• [Exercise brief] If pictures appear, leave them out, and return exactly the lines from the one holding "按下杠铃 一个年轻的运动员在模拟器上做仰卧起坐的姿势 他的胳膊和胸部的肌肉负荷着" through the last line of the listing below.

**** Given information

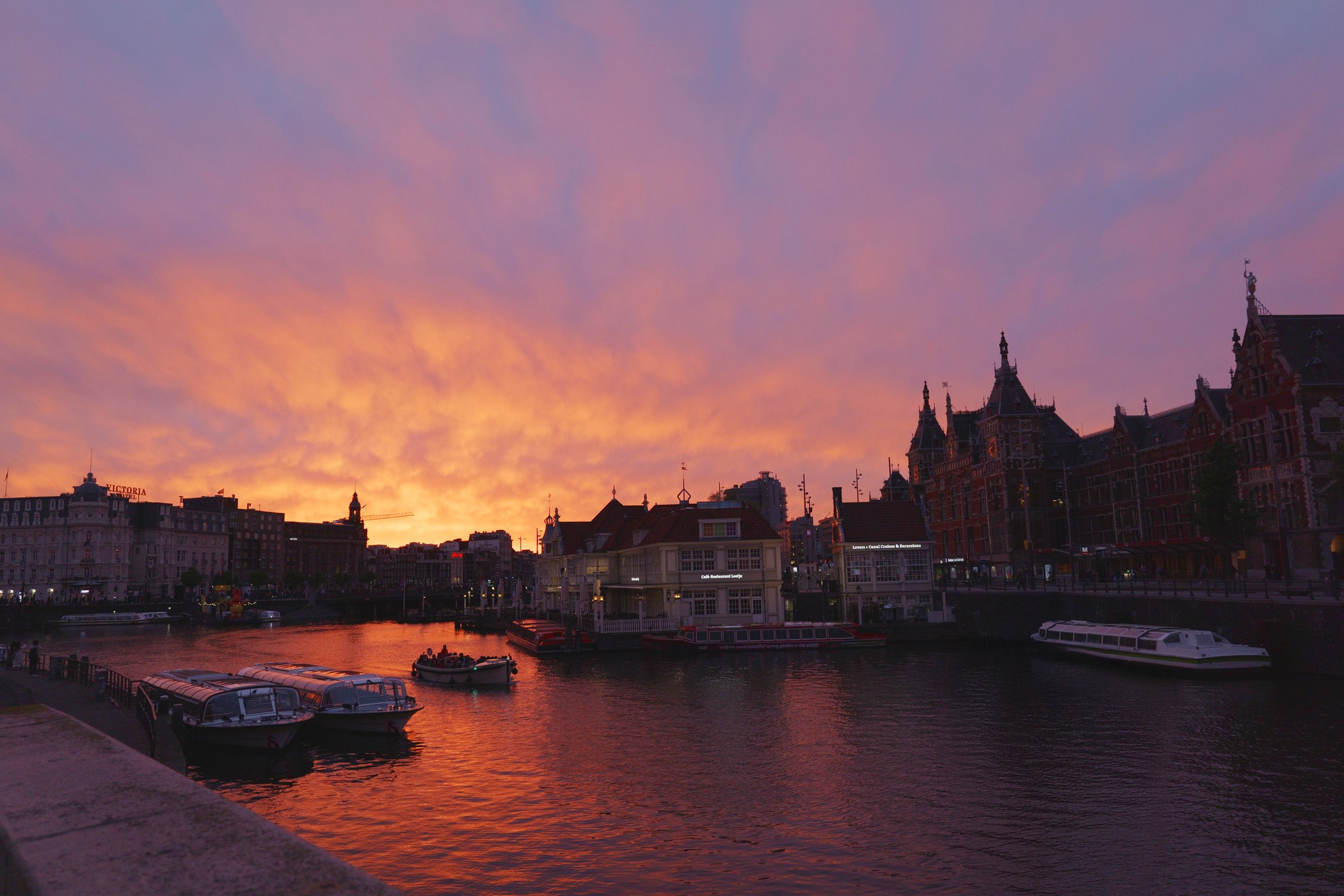 Orange and pink sunset over Amsterdam waterfront architecture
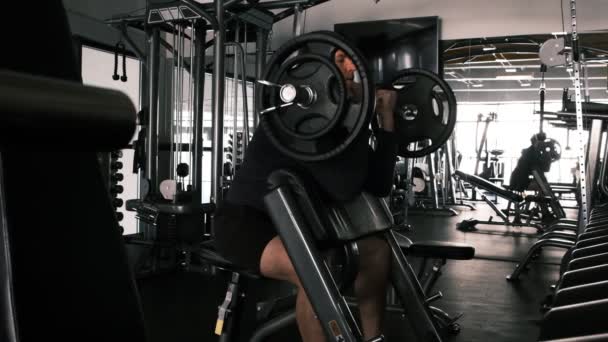 按下杠铃 一个年轻的运动员在模拟器上做仰卧起坐的姿势 他的胳膊和胸部的肌肉负荷着 训练上身肌肉群 体育馆 — 图库视频影像
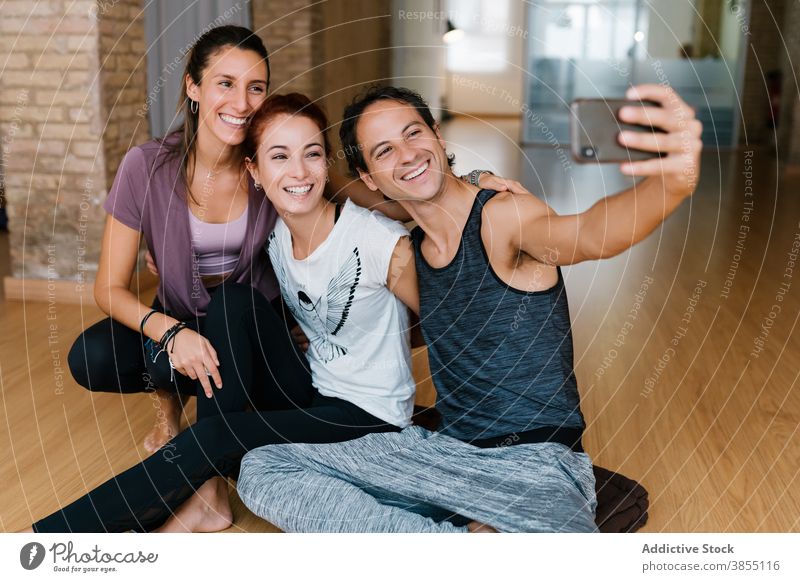 People taking selfie during yoga lesson man women together studio smile smartphone hug break group happy cheerful relax embrace rest gadget joy device optimist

********

• [Exercise answer]
 按下杠铃 一个年轻的运动员在模拟器上做仰卧起坐的姿势 他的胳膊和胸部的肌肉负荷着 训练上身肌肉群 体育馆 — 图库视频影像
 People taking selfie during yoga lesson man women together studio smile smartphone hug break group happy cheerful relax embrace rest gadget joy device optimist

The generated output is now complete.